Отрицательно покачав головой, она с серьезным выражением на лице уселась на кровати, обернув вокруг себя простыню, и крепко сжала руку возлюбленного.
– Эта комната была спальней моей матери, Брэд. А твой кабинет – моей комнатой. Вот почему, – голос ее звучал так тихо, что он едва различал слова, – вот почему я пришла туда в тот вечер…
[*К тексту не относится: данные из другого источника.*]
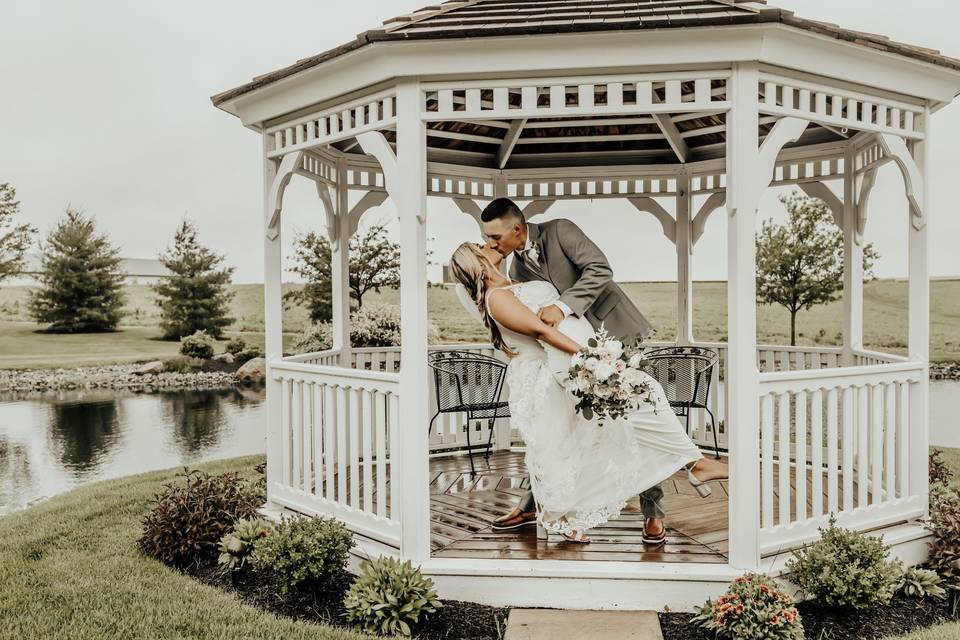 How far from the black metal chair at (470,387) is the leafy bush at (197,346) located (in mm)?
17974

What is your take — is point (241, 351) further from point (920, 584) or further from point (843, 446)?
point (920, 584)

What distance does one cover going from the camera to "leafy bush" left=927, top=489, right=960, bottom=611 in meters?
4.61

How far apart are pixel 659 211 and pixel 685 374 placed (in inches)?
75.4

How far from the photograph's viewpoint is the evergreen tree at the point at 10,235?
916 inches

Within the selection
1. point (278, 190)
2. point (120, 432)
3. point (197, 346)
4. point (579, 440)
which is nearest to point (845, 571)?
point (579, 440)

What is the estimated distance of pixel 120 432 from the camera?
14531 mm

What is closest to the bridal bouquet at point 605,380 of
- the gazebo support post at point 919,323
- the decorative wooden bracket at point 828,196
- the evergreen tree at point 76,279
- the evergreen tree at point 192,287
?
the gazebo support post at point 919,323

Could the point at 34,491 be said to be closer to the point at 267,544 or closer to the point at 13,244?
the point at 267,544

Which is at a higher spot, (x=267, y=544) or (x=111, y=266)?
(x=111, y=266)

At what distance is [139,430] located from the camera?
48.7ft

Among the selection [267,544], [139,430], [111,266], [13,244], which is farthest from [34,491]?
[111,266]

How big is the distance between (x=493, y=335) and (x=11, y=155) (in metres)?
26.8

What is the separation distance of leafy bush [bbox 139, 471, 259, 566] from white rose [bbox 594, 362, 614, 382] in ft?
10.0

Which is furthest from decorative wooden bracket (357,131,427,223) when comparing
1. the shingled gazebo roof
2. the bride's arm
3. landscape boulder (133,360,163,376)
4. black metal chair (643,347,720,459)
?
landscape boulder (133,360,163,376) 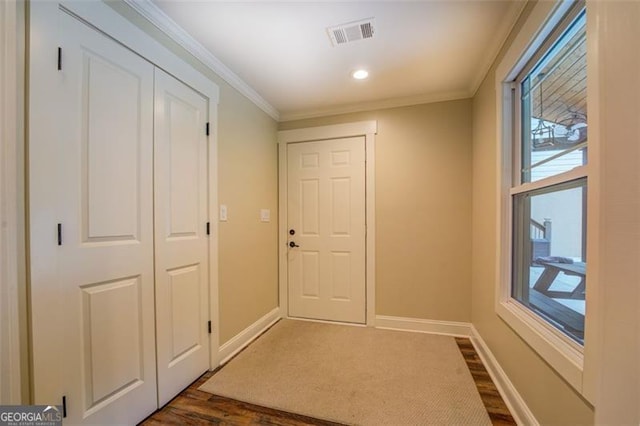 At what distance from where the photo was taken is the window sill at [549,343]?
1.05 metres

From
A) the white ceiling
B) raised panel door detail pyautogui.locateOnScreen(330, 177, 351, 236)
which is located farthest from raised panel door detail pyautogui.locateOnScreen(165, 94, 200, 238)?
raised panel door detail pyautogui.locateOnScreen(330, 177, 351, 236)

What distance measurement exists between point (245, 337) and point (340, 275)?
1.16 meters

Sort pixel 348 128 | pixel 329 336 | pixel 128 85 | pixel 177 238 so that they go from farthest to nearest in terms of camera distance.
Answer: pixel 348 128 → pixel 329 336 → pixel 177 238 → pixel 128 85

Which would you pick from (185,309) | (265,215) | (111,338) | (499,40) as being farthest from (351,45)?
(111,338)

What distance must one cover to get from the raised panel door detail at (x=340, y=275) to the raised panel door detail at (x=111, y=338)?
190cm

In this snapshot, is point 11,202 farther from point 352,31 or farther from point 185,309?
point 352,31

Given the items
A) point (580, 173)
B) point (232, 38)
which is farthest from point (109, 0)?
point (580, 173)

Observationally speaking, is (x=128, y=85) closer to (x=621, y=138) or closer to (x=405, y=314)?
(x=621, y=138)

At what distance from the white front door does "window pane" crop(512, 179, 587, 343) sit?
148cm

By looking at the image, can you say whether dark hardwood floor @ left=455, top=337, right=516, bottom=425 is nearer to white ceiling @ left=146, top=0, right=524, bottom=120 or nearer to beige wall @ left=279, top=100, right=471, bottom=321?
beige wall @ left=279, top=100, right=471, bottom=321

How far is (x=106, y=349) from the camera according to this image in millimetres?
1356

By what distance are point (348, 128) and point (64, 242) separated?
2521mm

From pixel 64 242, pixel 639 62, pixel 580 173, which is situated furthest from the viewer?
pixel 64 242

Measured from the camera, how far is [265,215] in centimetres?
288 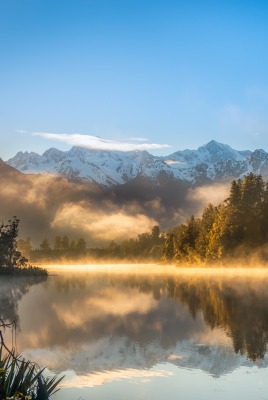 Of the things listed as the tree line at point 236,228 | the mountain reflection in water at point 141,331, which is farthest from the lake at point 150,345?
the tree line at point 236,228

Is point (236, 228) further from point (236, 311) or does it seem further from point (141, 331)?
point (141, 331)

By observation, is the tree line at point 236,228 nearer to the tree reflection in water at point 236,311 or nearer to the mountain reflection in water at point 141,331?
the tree reflection in water at point 236,311

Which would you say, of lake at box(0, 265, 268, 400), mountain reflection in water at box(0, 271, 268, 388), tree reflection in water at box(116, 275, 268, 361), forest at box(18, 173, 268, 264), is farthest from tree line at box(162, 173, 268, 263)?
lake at box(0, 265, 268, 400)

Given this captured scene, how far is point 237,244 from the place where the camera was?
453ft

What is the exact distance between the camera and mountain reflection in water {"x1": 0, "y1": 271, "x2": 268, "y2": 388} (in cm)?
2455

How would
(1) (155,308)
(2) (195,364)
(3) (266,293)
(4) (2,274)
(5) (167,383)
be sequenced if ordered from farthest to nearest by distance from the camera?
(4) (2,274) < (3) (266,293) < (1) (155,308) < (2) (195,364) < (5) (167,383)

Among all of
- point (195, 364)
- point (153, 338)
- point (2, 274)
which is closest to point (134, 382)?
point (195, 364)

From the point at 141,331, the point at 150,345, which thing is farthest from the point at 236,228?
the point at 150,345

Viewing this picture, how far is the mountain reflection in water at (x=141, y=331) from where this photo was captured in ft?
80.5

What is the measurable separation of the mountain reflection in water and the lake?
0.05 meters

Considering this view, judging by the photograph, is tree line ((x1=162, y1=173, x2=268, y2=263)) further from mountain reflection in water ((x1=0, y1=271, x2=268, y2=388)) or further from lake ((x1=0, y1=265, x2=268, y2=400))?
lake ((x1=0, y1=265, x2=268, y2=400))

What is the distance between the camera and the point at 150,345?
94.6 ft

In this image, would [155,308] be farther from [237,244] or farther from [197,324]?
[237,244]

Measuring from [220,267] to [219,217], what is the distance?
47.6 feet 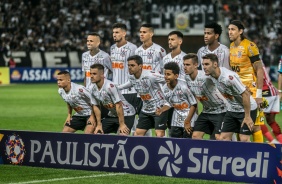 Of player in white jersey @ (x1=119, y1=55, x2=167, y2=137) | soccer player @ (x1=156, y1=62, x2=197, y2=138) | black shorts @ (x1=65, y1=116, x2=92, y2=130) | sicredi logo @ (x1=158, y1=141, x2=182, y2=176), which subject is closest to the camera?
sicredi logo @ (x1=158, y1=141, x2=182, y2=176)

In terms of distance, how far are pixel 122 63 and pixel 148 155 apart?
4140 mm

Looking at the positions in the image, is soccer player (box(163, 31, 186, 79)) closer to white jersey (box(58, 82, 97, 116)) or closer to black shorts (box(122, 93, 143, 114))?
black shorts (box(122, 93, 143, 114))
Ее глаза не отрывались от его глаз, он в полном изумлении смотрел на нее.
– О Господи! Так кто же ты?!
Сирина молчала.
– Значит, ты не племянница Марчеллы? – Он давно подозревал это.
– Нет.
Последовала еще одна пауза, затем Сирина глубоко вздохнула, выпорхнула из кровати и присела перед ним в глубоком церемониальном реверансе.
– Я имею честь быть принцессой Сириной Александрой Грациеллой ди Сан-Тибальдо…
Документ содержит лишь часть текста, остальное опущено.